## WHAT THE EXERCISE ASKS
The response should be the lines of the data, starting at the first and ending at the one that contains "Emaille Tasse Tiere personalisiert", copied without change.

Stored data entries
+-------+

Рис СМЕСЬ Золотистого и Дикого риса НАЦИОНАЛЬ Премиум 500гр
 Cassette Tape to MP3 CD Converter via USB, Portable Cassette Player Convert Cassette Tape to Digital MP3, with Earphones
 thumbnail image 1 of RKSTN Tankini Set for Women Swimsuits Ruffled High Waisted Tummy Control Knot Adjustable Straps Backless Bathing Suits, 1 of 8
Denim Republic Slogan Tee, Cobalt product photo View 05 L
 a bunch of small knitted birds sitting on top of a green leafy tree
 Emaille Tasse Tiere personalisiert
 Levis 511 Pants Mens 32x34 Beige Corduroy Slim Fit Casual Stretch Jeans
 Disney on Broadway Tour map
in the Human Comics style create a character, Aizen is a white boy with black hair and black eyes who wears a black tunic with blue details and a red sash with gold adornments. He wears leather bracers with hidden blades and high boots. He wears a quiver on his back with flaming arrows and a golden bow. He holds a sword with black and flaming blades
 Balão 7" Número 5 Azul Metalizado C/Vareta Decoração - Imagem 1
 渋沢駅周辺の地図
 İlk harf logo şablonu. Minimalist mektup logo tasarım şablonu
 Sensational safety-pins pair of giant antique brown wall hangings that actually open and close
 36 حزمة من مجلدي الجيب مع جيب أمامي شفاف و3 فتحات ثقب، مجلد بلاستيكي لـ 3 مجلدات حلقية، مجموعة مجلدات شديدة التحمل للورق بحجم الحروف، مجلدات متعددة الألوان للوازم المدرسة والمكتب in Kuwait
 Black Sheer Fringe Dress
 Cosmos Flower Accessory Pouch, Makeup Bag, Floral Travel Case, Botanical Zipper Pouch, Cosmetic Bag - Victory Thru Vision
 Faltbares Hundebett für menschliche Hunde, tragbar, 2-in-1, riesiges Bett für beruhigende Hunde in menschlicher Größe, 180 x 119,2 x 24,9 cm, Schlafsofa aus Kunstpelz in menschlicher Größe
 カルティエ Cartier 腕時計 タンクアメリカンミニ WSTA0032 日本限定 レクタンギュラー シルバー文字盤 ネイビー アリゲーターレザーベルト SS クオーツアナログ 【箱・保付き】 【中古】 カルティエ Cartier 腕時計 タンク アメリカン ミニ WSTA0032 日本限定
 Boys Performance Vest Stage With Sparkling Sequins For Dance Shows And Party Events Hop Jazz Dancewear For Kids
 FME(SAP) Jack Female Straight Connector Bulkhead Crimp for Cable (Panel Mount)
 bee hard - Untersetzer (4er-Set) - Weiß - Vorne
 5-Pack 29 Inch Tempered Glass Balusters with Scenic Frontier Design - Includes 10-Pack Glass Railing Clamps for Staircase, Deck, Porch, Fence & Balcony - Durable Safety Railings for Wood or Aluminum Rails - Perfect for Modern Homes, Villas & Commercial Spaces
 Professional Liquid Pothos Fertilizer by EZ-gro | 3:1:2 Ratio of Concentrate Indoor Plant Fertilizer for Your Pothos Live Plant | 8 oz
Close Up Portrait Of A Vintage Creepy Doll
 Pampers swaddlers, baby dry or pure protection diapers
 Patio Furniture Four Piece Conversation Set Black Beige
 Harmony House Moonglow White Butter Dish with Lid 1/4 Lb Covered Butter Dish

+-------+

## OUTPUT OF THE TASK
Рис СМЕСЬ Золотистого и Дикого риса НАЦИОНАЛЬ Премиум 500гр
 Cassette Tape to MP3 CD Converter via USB, Portable Cassette Player Convert Cassette Tape to Digital MP3, with Earphones
 thumbnail image 1 of RKSTN Tankini Set for Women Swimsuits Ruffled High Waisted Tummy Control Knot Adjustable Straps Backless Bathing Suits, 1 of 8
Denim Republic Slogan Tee, Cobalt product photo View 05 L
 a bunch of small knitted birds sitting on top of a green leafy tree
 Emaille Tasse Tiere personalisiert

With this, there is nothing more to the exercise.